I was wrapping up my year as president while Rodney and his family were first-time exhibitors for his invention Turf Trainer. We met and became friends at the 2015 Syngenta Business Institute. Rodney quickly established himself as the E.F. Hutton of the group. When Rodney spoke, you listened. I fondly remember our conversations that ran late into the night in the Billiards Room.

We crossed paths again in January 2017 in Harrogate, England, at the BIGGA Turf Management Exposition. We made it a point to attend a class together. It was an experience I will always remember.

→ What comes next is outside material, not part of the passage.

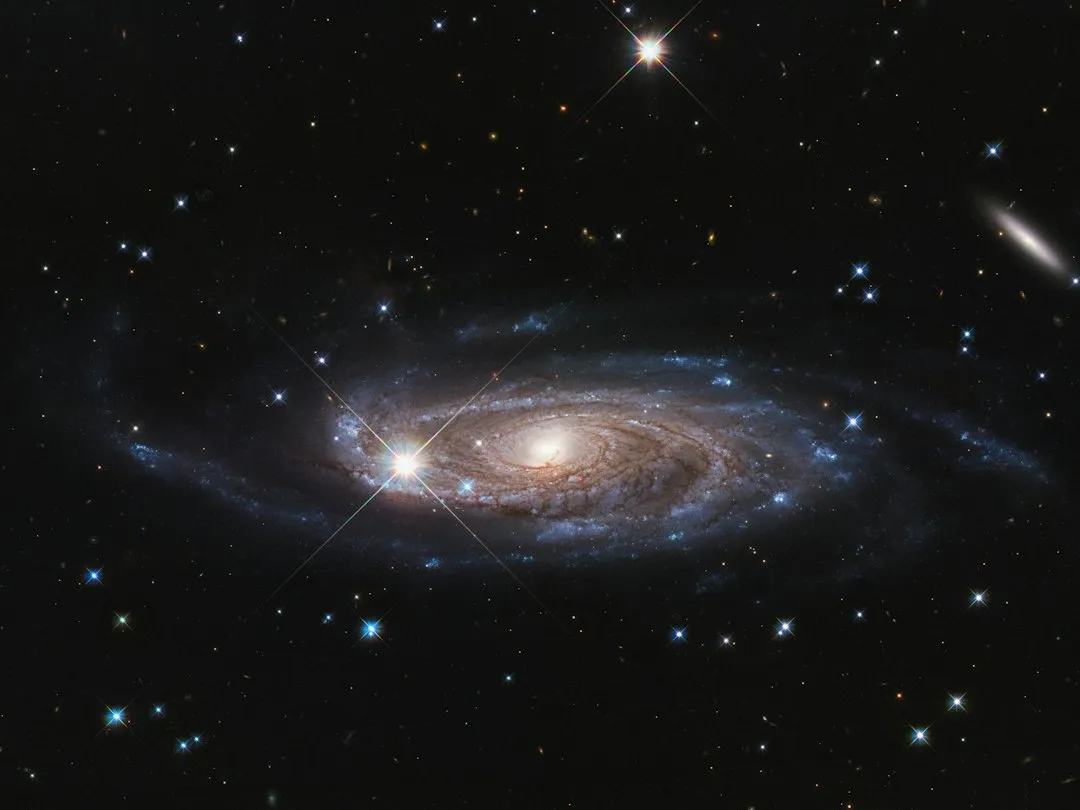 Lentes Gravitacionais: Como a Gravidade Dobra a Luz e Revela o Universo Invisível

So, back to last year. We sat on the sofa, soaking up the week and the year that was 2019. We talked about the trials, tribulations and challenges we each faced on our respective golf courses when our senior assistant superintendent Eric Sosnowski walked into the room.

Eric was promoted to senior assistant when his predecessor left for another opportunity last June. Thus, this was also Eric’s first time attending the Carolinas Show. I introduced Eric to Rodney and began to tell Rodney about Eric’s time with me.

Eric grew up in State College, Pennsylvania, and is a Penn State graduate with a four-year turf degree. I hired him straight out of college as an assistant-in-training. Our senior assistant at that time was involved in the interview process and approved of selecting Eric, but it quickly became apparent Eric didn’t live up to the expectations formed by our assistant.

Wanting to trust our assistant, I made the decision that Eric needed to spend time as a crew member, gaining valuable work experience as well as learning how to survive in that environment. Believe it or not, Eric took a demotion and a pay cut, and continued to come to work every day. I must say this is the only time in my career I have taken such a drastic step.

Eric outworked everybody on the team. He is like a racehorse with blinders. When given a task, he performs it to his fullest. He is not the biggest, fastest or strongest, but his effort will impress anyone. Sometimes this mindset is detrimental in his current role as it impacts the ability to delegate vs. just taking on the responsibility personally. We are working on that.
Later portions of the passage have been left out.